Transcribe the full listing without changing a word, and omit its pictures.

_Exercise inputs:_

------------------------------------

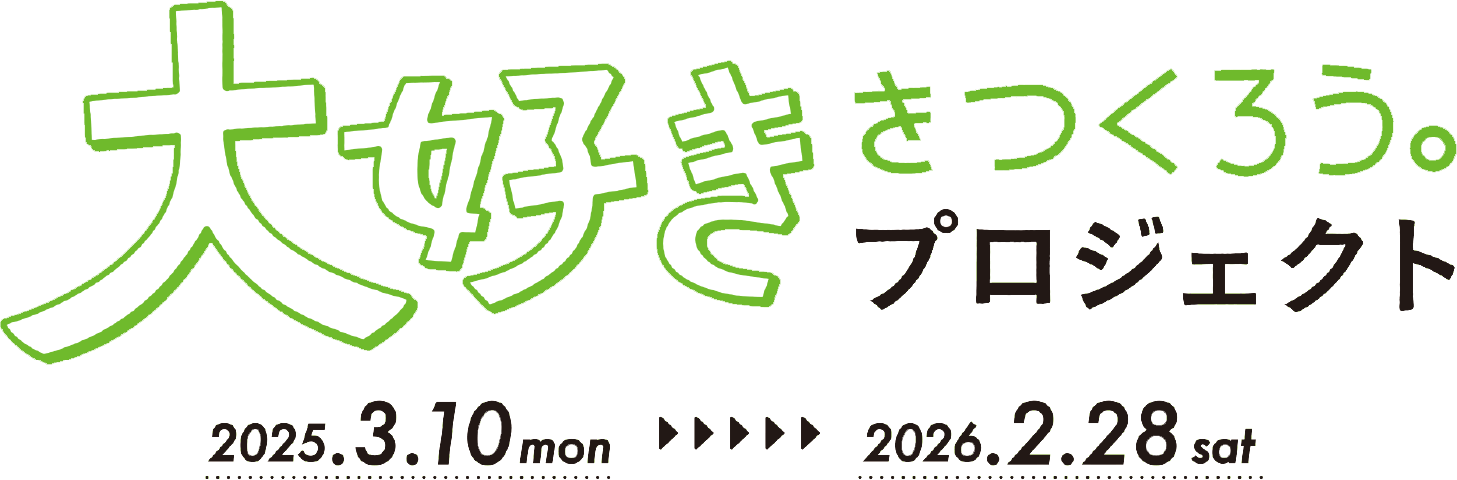 大好きをつくろうプロジェクト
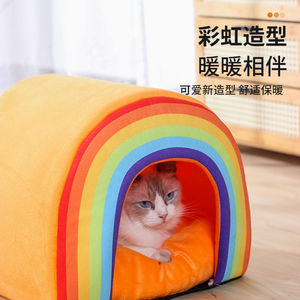 Cama para Gatos en Forma de Semicírculo, Talla Única, Cálida para Gatos - Product Image 3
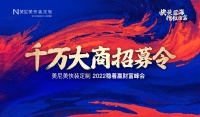 美尼美快装定制即将亮相第11届定制家居展国采馆 开启千万大商招募计划
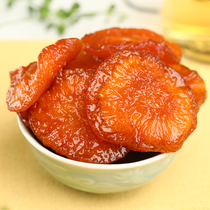 Handmade dried yellow peach candied fruit no additives no oil childrens pregnant women snacks natural dried fruit 185g can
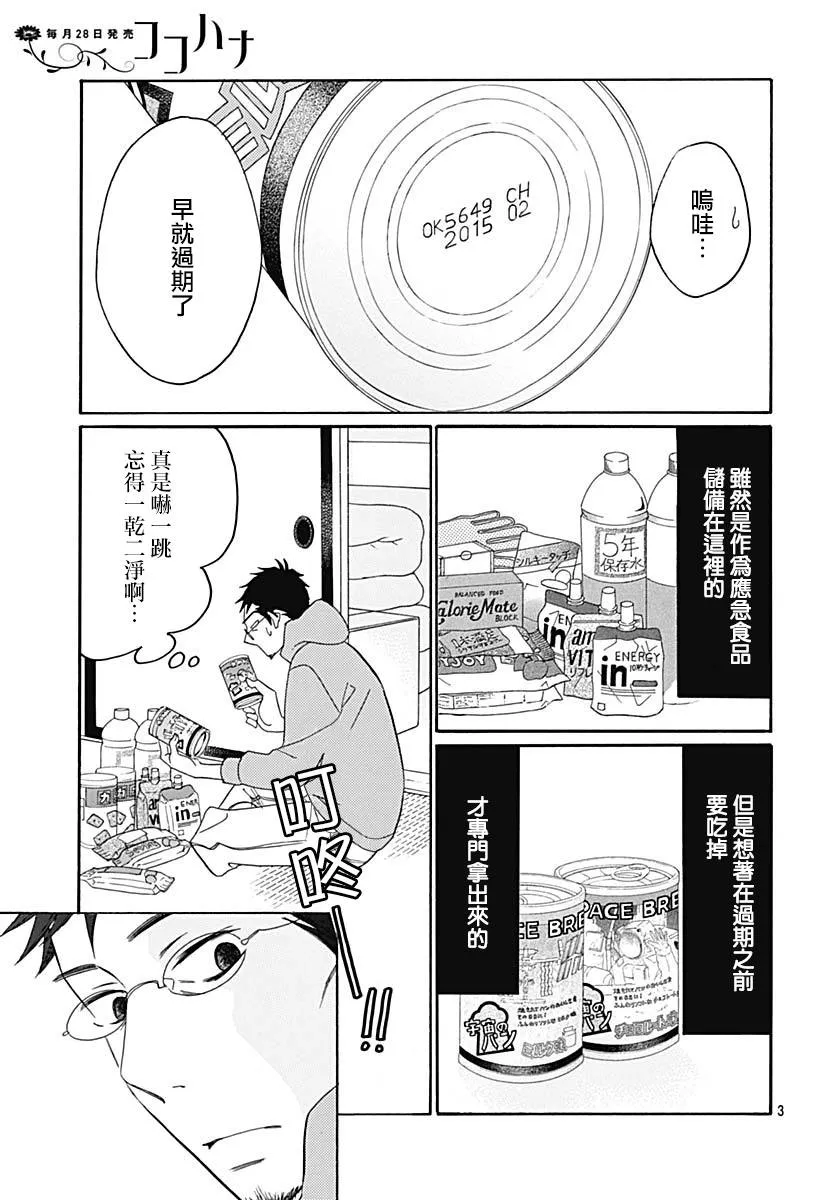 第37话 第3页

------------------------------------

_Task answer:_
 大好きをつくろうプロジェクト
 Cama para Gatos en Forma de Semicírculo, Talla Única, Cálida para Gatos - Product Image 3
 美尼美快装定制即将亮相第11届定制家居展国采馆 开启千万大商招募计划
 Handmade dried yellow peach candied fruit no additives no oil childrens pregnant women snacks natural dried fruit 185g can
 第37话 第3页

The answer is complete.